What is required — All of the records must be repeated exactly.

Excerpted records —
+ + + +
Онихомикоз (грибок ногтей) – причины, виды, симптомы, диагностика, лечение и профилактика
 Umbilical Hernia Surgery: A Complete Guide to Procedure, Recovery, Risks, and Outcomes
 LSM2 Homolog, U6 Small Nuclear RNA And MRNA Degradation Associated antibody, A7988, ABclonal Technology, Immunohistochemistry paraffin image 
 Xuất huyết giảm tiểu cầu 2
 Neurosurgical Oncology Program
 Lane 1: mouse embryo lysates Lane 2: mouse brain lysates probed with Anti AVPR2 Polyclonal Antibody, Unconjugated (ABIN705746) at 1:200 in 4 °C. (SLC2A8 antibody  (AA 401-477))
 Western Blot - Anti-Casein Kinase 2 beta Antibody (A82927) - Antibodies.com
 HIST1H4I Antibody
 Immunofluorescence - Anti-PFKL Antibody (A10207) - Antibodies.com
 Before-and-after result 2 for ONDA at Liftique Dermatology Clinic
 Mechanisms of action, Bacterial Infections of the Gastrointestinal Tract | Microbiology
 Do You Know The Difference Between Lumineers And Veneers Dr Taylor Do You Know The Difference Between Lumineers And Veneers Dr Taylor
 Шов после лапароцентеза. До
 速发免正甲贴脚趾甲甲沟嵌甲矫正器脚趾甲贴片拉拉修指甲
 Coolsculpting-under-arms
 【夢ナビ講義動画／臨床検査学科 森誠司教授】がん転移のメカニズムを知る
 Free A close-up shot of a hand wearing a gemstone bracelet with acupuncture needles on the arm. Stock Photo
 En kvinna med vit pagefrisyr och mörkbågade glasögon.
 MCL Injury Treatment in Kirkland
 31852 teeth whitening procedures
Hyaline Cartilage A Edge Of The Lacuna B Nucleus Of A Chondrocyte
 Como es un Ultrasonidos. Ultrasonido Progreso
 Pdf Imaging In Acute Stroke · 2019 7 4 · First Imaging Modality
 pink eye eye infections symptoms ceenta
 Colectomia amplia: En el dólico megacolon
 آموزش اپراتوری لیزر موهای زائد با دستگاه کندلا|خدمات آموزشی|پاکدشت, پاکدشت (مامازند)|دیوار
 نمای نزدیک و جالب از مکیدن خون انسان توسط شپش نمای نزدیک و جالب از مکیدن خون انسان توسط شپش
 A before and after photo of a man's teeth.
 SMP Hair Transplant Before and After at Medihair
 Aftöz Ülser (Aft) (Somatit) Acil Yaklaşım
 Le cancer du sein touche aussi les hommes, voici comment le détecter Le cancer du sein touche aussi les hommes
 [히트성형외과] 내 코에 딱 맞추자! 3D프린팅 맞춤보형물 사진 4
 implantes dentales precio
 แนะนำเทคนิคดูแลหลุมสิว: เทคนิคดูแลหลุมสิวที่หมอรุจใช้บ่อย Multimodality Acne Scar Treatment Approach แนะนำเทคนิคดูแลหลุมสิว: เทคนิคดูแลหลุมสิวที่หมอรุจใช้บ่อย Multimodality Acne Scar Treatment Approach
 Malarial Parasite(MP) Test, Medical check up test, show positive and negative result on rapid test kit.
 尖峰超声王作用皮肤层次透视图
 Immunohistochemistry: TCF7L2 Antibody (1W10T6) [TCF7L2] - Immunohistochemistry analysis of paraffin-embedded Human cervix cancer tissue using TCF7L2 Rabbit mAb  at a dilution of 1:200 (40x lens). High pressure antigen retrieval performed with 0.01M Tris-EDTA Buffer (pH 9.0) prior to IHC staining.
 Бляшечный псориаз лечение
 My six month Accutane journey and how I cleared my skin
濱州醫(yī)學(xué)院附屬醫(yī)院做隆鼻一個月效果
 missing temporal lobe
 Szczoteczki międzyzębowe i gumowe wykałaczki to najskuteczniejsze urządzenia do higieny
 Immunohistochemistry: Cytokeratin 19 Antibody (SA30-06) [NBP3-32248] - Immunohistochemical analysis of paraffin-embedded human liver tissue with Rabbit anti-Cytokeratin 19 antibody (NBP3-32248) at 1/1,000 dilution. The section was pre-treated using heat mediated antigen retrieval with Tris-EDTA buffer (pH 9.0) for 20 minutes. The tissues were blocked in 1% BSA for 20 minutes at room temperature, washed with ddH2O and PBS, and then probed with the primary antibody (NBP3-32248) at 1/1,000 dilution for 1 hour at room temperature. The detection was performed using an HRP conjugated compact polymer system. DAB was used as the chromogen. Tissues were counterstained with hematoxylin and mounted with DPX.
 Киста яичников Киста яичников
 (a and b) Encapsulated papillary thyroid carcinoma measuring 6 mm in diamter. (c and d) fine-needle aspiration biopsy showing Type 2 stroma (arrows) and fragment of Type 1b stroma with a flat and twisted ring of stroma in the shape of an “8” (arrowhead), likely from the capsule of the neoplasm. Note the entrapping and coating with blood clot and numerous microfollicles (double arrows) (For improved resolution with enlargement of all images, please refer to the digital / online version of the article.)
+ + + +
Your response —
Онихомикоз (грибок ногтей) – причины, виды, симптомы, диагностика, лечение и профилактика
 Umbilical Hernia Surgery: A Complete Guide to Procedure, Recovery, Risks, and Outcomes
 LSM2 Homolog, U6 Small Nuclear RNA And MRNA Degradation Associated antibody, A7988, ABclonal Technology, Immunohistochemistry paraffin image 
 Xuất huyết giảm tiểu cầu 2
 Neurosurgical Oncology Program
 Lane 1: mouse embryo lysates Lane 2: mouse brain lysates probed with Anti AVPR2 Polyclonal Antibody, Unconjugated (ABIN705746) at 1:200 in 4 °C. (SLC2A8 antibody  (AA 401-477))
 Western Blot - Anti-Casein Kinase 2 beta Antibody (A82927) - Antibodies.com
 HIST1H4I Antibody
 Immunofluorescence - Anti-PFKL Antibody (A10207) - Antibodies.com
 Before-and-after result 2 for ONDA at Liftique Dermatology Clinic
 Mechanisms of action, Bacterial Infections of the Gastrointestinal Tract | Microbiology
 Do You Know The Difference Between Lumineers And Veneers Dr Taylor Do You Know The Difference Between Lumineers And Veneers Dr Taylor
 Шов после лапароцентеза. До
 速发免正甲贴脚趾甲甲沟嵌甲矫正器脚趾甲贴片拉拉修指甲
 Coolsculpting-under-arms
 【夢ナビ講義動画／臨床検査学科 森誠司教授】がん転移のメカニズムを知る
 Free A close-up shot of a hand wearing a gemstone bracelet with acupuncture needles on the arm. Stock Photo
 En kvinna med vit pagefrisyr och mörkbågade glasögon.
 MCL Injury Treatment in Kirkland
 31852 teeth whitening procedures
Hyaline Cartilage A Edge Of The Lacuna B Nucleus Of A Chondrocyte
 Como es un Ultrasonidos. Ultrasonido Progreso
 Pdf Imaging In Acute Stroke · 2019 7 4 · First Imaging Modality
 pink eye eye infections symptoms ceenta
 Colectomia amplia: En el dólico megacolon
 آموزش اپراتوری لیزر موهای زائد با دستگاه کندلا|خدمات آموزشی|پاکدشت, پاکدشت (مامازند)|دیوار
 نمای نزدیک و جالب از مکیدن خون انسان توسط شپش نمای نزدیک و جالب از مکیدن خون انسان توسط شپش
 A before and after photo of a man's teeth.
 SMP Hair Transplant Before and After at Medihair
 Aftöz Ülser (Aft) (Somatit) Acil Yaklaşım
 Le cancer du sein touche aussi les hommes, voici comment le détecter Le cancer du sein touche aussi les hommes
 [히트성형외과] 내 코에 딱 맞추자! 3D프린팅 맞춤보형물 사진 4
 implantes dentales precio
 แนะนำเทคนิคดูแลหลุมสิว: เทคนิคดูแลหลุมสิวที่หมอรุจใช้บ่อย Multimodality Acne Scar Treatment Approach แนะนำเทคนิคดูแลหลุมสิว: เทคนิคดูแลหลุมสิวที่หมอรุจใช้บ่อย Multimodality Acne Scar Treatment Approach
 Malarial Parasite(MP) Test, Medical check up test, show positive and negative result on rapid test kit.
 尖峰超声王作用皮肤层次透视图
 Immunohistochemistry: TCF7L2 Antibody (1W10T6) [TCF7L2] - Immunohistochemistry analysis of paraffin-embedded Human cervix cancer tissue using TCF7L2 Rabbit mAb  at a dilution of 1:200 (40x lens). High pressure antigen retrieval performed with 0.01M Tris-EDTA Buffer (pH 9.0) prior to IHC staining.
 Бляшечный псориаз лечение
 My six month Accutane journey and how I cleared my skin
濱州醫(yī)學(xué)院附屬醫(yī)院做隆鼻一個月效果
 missing temporal lobe
 Szczoteczki międzyzębowe i gumowe wykałaczki to najskuteczniejsze urządzenia do higieny
 Immunohistochemistry: Cytokeratin 19 Antibody (SA30-06) [NBP3-32248] - Immunohistochemical analysis of paraffin-embedded human liver tissue with Rabbit anti-Cytokeratin 19 antibody (NBP3-32248) at 1/1,000 dilution. The section was pre-treated using heat mediated antigen retrieval with Tris-EDTA buffer (pH 9.0) for 20 minutes. The tissues were blocked in 1% BSA for 20 minutes at room temperature, washed with ddH2O and PBS, and then probed with the primary antibody (NBP3-32248) at 1/1,000 dilution for 1 hour at room temperature. The detection was performed using an HRP conjugated compact polymer system. DAB was used as the chromogen. Tissues were counterstained with hematoxylin and mounted with DPX.
 Киста яичников Киста яичников
 (a and b) Encapsulated papillary thyroid carcinoma measuring 6 mm in diamter. (c and d) fine-needle aspiration biopsy showing Type 2 stroma (arrows) and fragment of Type 1b stroma with a flat and twisted ring of stroma in the shape of an “8” (arrowhead), likely from the capsule of the neoplasm. Note the entrapping and coating with blood clot and numerous microfollicles (double arrows) (For improved resolution with enlargement of all images, please refer to the digital / online version of the article.)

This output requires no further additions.